I was having the same issues so many others have reported with dough sticking even to well floured towels. So I don't use them at all. In fact, I rarely do a two-hour second rise at all, and have been getting great results.

What I do instead is give the dough a few in-bowl "folds" with a spatula -- the same kind of folding motion you'd use when adding egg whites to cake batter, for instance -- once or twice during the long initial rise.

When I'm ready to cook, I pour the risen dough out onto a  floured board, very lightly pat it down and fold it over envelope style, cut it into sections (if I'm making more than one loaf) with kitchen shears, dust with with some more flour just to make it possible to handle, then form it into kinda-sorta boules. I give it maybe a 15-20 minute rest, then toss it in the hot pots. No problemo, beautiful loaves, excellent oven spring.

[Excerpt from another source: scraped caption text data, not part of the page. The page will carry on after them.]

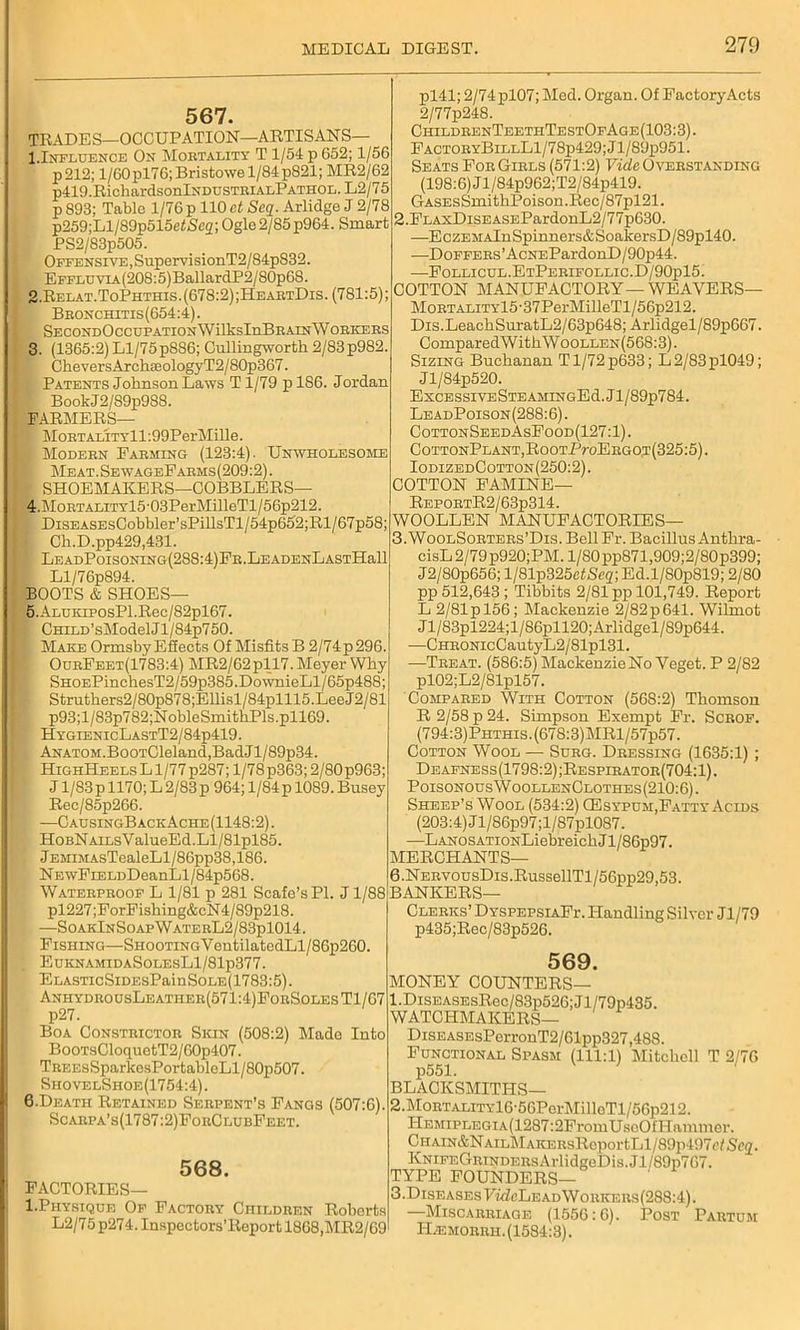 567. TRADES—OCCUPATION—ARTISANS— 1.Influence On Moetality T 1/54 p G52; 1/56 p212; 1/60 pl76; Bristowe 1/84 p821; MR2/62 p419.RichardsonlNDUSTEiALPATHOL.L2/75 p 893; Table 1/76 p 110 ct Seq. Arlidge J 2/78 p259;Ll/89p515e4iSc2; Ogle2/85 p964. Smart PS2/83p505. Offensive, SupervisionT2/84pS32. EFFLUVLA(208:5)BallardP2/80p68. 2. Relat.ToPhthis.(678:2);HeaetDis. (781:5); Beonchitis (654:4). SECONDOcCUPATIONWilksInBEAINWOEKEES 3. (1365:2) Ll/75p886; Cullingworth 2/83p982 CheversArch8eologyT2/80p367. Patents Johnson Laws Tl/79 pl86. Jordan BookJ2/89p988. FARMERS— Moetality 11:99PerMille. 1 Modebn Fabming (123:4). Unwholesome Meat. Se wageEaems (209:2). SHOEMAKERS—GOBBLERS— 4. Mobtality15 -03PerMilleTl/56p212. DiSEASEsCobbler’sPillsTl/54p652;Rl/67p58; Gh.D.pp429,431. LEADPoiSONING(288:4)FE.LEADENLASTHall Ll/76p894. BOOTS & SHOES— 5. ALUKiposPl.Rec/82pl67. f CHiLD’sModelJl/84p750. - Make Ormsby Effects Of Misfits B 2/74p296. OueEeet(1783:4) MR2/62pll7. Meyer Why SHOEPinchesT2/59p385.DownieLl/65p488 Struthers2/80p878;Ellisl/84plll5.LeeJ2/81 p93;l/83p782;NobleSmithPls.pll69. HygienicLastT2/84p419. ANATOM.BooTCleland,BadJl/89p34. HighHeels L1/77 p287; 1/78 p363; 2/80 p963; J1/83 p 1170; L 2/83 p 964; 1/84 p 1089. Busey Rec/85p266. —CausingB ack Ache (1148:2). HoBNAiLsValueEd.Ll/81pl85. JEMiMAsTealeLl/86pp38,186. N EwFiELDDeanLl/84p5G8. Wateepeoof L 1/81 p 281 Scafe’sPl. J1/88 pl227;ForFishing&cN4/89p218. —SoakInSoapWateeL2/83p1014. Fishing—SHooTiNGYentilatedLl/86p260. EuknamidaSolesL1/81p377. ELASTicSiDEsPainSoLE(1783:5). AnhydeousLeathee(571:4)FoeSolesT1/67 p27. Boa Consteictoe Skin (508:2) Made Into BooTsCloquetT2/G0p407. TEEEsSparkcsPortableLl/80p507. SiiovelShoe(1754:4). 6. Death Retained Seepent’s Fangs (507:6) Scaepa’s(1787 :2)FoeClubFeet. 568. FACTORIES— l.Physique Of Factoey Childeen Roberts L2/75 p274. Inspeotors’Report 1868,MR2/69 pl41; 2/74pl07; Med. Organ. Of Factory Acts 2/77p248. ChildkenTeethTestOfAge(103:3). FactoeyBillL1/78p429;J1/89p951. Seats FoeGiels (571:2) Vide Oveestanding (198:6) Jl/84p962;T2/84p419. GASEsSmithPoison.Rec/87pl21. 2. FLAxDiSEASEPardonL2/77p630. —EczEMAlnSpinners&SoalcersD/89pl40. —DoFFEEs’AcNEPardonD/90p44. —Follicul.EtPeeifollic.D/90p15. COTTON MANUFACTORY—WE AVERS— MoETALiTYl5-37PerMilleTl/56p212. Dis.LeachSuratL2/63p648; Arlidgel/89p667. ComparedWithWooLLEN(568:3). Sizing Buchanan Tl/72p633; L2/83pl049; Jl/84p520. ExCESSIVESTEAMINGEd.Jl/89p784. LeadPoison(288:6). CottonSeedAsFood(127:1). C0TT0NPLANT,R00TPr0EBG0,T(325:5). IodizedCotton(250:2). COTTON FAMINE— RepoetR2/63p314. WOOLLEN MANUFACTORIES— 3, WooLSoETEEs’Dis.Bell Fr. Bacillus Anthra- cisL 2/79p920;PM. l/80pp871,909;2/80p399; J2/80p656; l/81p325efScg; Ed.l/S0p819; 2/80 pp 512,643 ; Tibbits 2/81 pp 101,749. Report L 2/81 p 156; Mackenzie 2/82 p 641. Wilmot Jl/83pl224;l/86pll20;Arlidgel/89p644. —CHEONicCautyL2/81pl31. —Teeat. (586:5) Mackenzie No Veget. P 2/82 pl02;L2/81pl57. Comp abed With Cotton (568:2) Thomson R 2/58 p 24. Simpson Exempt Fr. Scbof. (794:3) Phthis . (678:3) MRl/57p57. Cotton Wool — Sueg. Deessing (1635:1) ; Deafness(1798:2);Respibatoe(704:1). PoisonousWoollenClothes(210:6). Sheep’s Wool (534:2) CEsypum,Fatty Acids (203:4) Jl/86p97;l/87pl087. —LAN0SATi0NLiebreichJl/86p97. MERCHANTS— 6 .NEEVousDis.RussellTl/56pp29,53. BANKERS— CLEEKs’DYSPEPSiAFr. Handling Silver Jl/79 p435;Rec/83p526. 569. MONEY COUNTERS— 1. DisEASEsRec/83p526;Jl/79p435. WATCHMAKERS— DiSEASEsPerronT2/61pp327,488. Functional Spasm (111:1) Mitchell T 2/76 p551. BLACKSMITHS— 2. MoETALiTYl6-56PcrMilleTl/56p212. Hemiplegia (1287:2FromUsoO f Hammer. CHAiN&NAiLMAKKEsRcportLl/89]il97(VS(’<2. KNiFEGEiNDEEsArlidgeDis.Jl/89p767. TYPE FOUNDERS— 3. DiseasesFm7cLeadWoekees(288:4). —Miscaeeiage (1556:6). Post Paetum I-Lemoeeii.(1584:3).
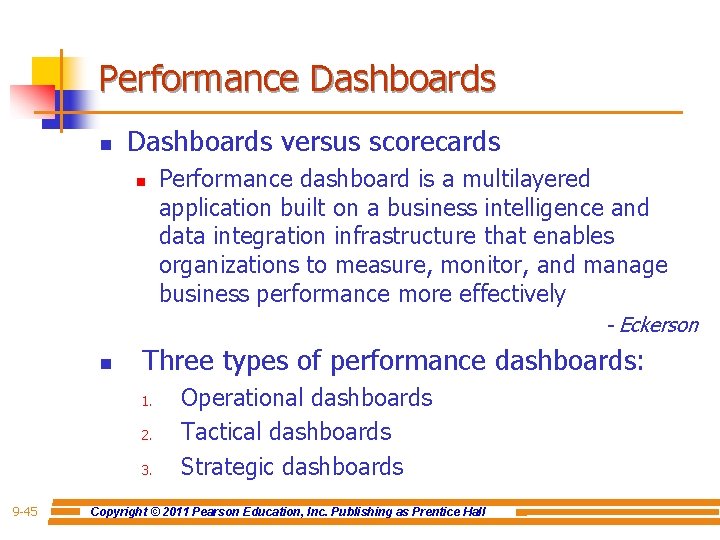 Performance Dashboards n Dashboards versus scorecards n Performance dashboard is a multilayered application built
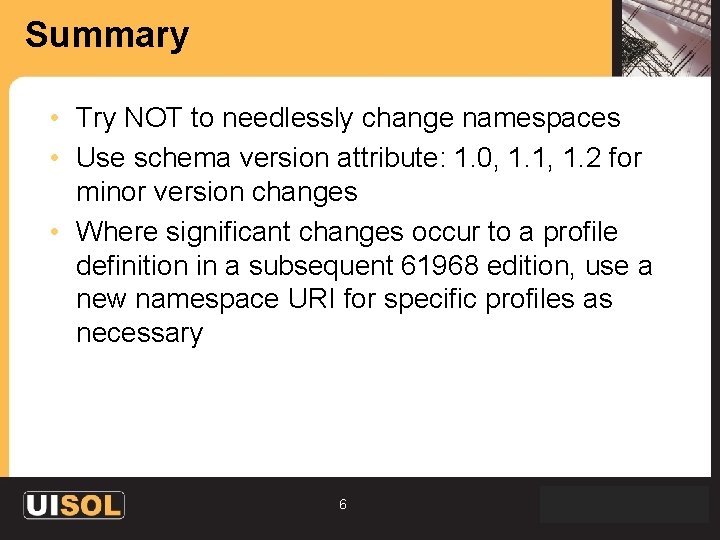 Summary • Try NOT to needlessly change namespaces • Use schema version attribute: 1.
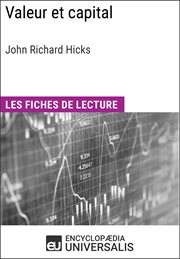 Valeur et capital de john richard hicks. Les Fiches de lecture d'Universalis cover image cdn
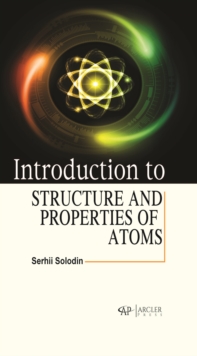 Introduction to Structure and Properties of Atoms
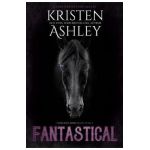 Fantastical - Kristen Ashley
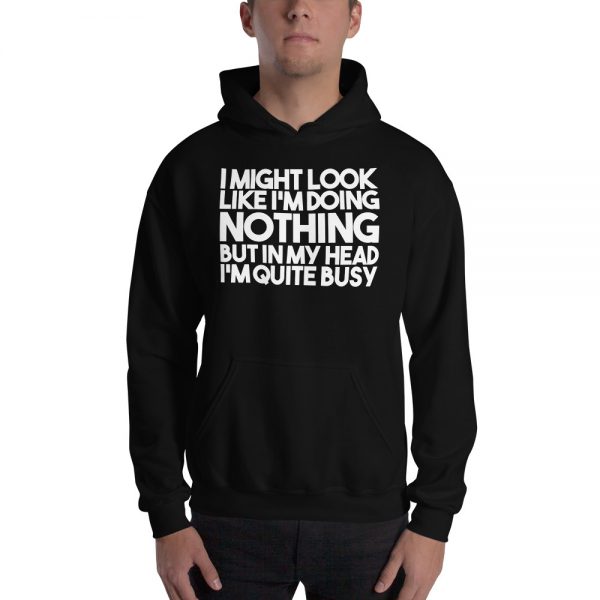 I Might Look Like I'm Doing Nothing Unisex Hoodie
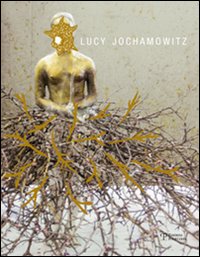 Lucy Jochamowitz. Ediz. italiana e inglese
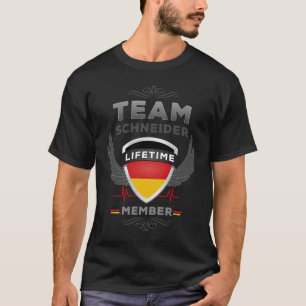 Team Schneider levenslang lid of Duitse afkomst T-shirt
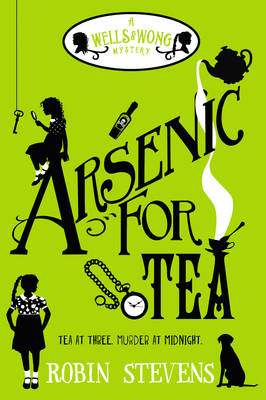 Arsenic For Tea - Stevens, Robin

The dough is so wet that it doesn't form a crust during the rest period. If I need to protect it, I just put an inverted mixing bowl over it.

 

 

"I am not a cook. But I am sorta cooky."

breadnerd's picture
breadnerd

I originally read this article and thought "this is good for people who don't know how to really bake bread" but after all the hubbub and internet peer pressure I finally tried it today. I used my camping dutch oven, which is great because it gave me an excuse to use it! Oh and one note I rose my loaf on a floured cloth that I placed inside a bowl to give it some structure as it rose--I suspect that helped with oven spring, as mine was pretty tall.

 

Everything transpired just as described--I was worried about the dough sticking to my cloth, but I had no troubles (it's a well used piece of canvas I use all the time so it has a lot of flour in it).

 

Things I liked: It was very simple, nice for a busy weekday bread. It was also an easy way to handle very wet dough.  It looked very attractive coming out of the oven.

 

Dislikes: I don't like the crust as much as my usual stone-baked loaves. It's not very thick, and not very crunchy. I could always pop it out and finish on the stone, but that brings me to my other dislike--handling a preheated heavy pot was rather annoying and dangerous. If I do it again I'll use my peel and stone.

 

My crumb is not as big-bubbled as I hope--I'll take a pic once I'm a few more slices into it. It also has sort of a metallic taste. Again, I think I'll skip the cast-iron part next time.

 

I do think I'll try the mix and overnight rise method for my ciabatta next time--I'm not satisfied with my process and think this might be a good method to adapt to rustic breads.

Noche's picture
Noche

My sis had this happen to her and I found that she was not washing her's out and then baking all the water out with a 20 minute bake cycle and then lightly coating it with Crisco while hot and wiping off the excess. We store ours with a slip of scott towel in it.

npsmama's picture
npsmama

Thanks so much for that video link. Very useful.

 

The original article says that this method works well with wholewheat and rye.

 

Surely they can't mean 100% wholewheat and definitely not 100% rye. What proportions do you think the rye should have?

 

I've tried 70% wholewheat and 30% white and that worked well. 

npsmama's picture
npsmama

Regarding the dough sticking to the tea towel: on the video he uses bran torather than flour in the tea towel. I used cornmeal and it didn't stick. I think flour would just be absorbed by the wet dough.

 

 Interesting to note how the video differs from the article.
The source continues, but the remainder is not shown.